If you’re preparing to get married, your parents may be advocating strongly for you to get a prenuptial agreement. They may be insisting on it.
While you may not think you have enough money or other assets at this point in your life to make that request of your partner, you may not know everything that could be at stake – particularly since California is a community property state.
Are you a beneficiary of the “Great Wealth Transfer?”
People born before 1970 are predicted to pass on somewhere between $30 and $68 trillion to their children in what’s been termed the “Great Wealth Transfer.” It’s possible that your parents have a trust in your name or perhaps some kind of family trust that they want to protect if you later divorce. If you have a stake in the family business, that could be subject to property division as well.
You have a right to know what it is you’re seeking to protect before you ask for a prenup. Many people appreciate having the excuse that their parents are “making” them get a prenup when they bring up the subject.
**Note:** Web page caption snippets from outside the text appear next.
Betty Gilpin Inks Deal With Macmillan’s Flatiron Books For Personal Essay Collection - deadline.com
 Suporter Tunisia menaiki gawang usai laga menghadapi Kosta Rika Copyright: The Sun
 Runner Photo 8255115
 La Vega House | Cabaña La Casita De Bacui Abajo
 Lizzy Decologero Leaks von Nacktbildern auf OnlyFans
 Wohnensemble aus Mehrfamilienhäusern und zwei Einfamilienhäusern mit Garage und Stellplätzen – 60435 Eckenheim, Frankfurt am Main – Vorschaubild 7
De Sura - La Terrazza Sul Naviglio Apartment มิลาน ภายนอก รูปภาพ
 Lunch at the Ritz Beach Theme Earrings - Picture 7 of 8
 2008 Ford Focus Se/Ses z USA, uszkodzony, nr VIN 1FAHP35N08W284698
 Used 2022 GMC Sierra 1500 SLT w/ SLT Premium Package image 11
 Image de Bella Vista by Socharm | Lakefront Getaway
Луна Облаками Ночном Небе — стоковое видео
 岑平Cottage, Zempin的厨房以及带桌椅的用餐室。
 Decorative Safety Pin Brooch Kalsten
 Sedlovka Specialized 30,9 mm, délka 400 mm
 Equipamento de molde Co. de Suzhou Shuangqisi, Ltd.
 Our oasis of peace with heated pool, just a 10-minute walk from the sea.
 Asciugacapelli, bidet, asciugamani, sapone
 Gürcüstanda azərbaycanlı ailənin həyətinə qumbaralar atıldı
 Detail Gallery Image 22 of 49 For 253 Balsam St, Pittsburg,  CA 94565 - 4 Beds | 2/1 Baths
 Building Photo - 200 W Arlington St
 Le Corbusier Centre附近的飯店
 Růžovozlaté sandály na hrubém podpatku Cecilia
Why you can’t pressure someone into a prenup
It may be wise to get your parents’ input on what assets could be on the line so that your prenup can be written in a way that will protect them. However, that should be where their input ends. The rest should be between you and your spouse-to-be, and your separate legal representatives.
You (and your parents) can’t put too much pressure on your future spouse to sign a prenup. That’s one of the reasons why prenups (or portions of them) are sometimes ruled invalid by courts. Both parties need to ensure that their interests are protected and that the document is fair to both. A well-crafted prenup does just that.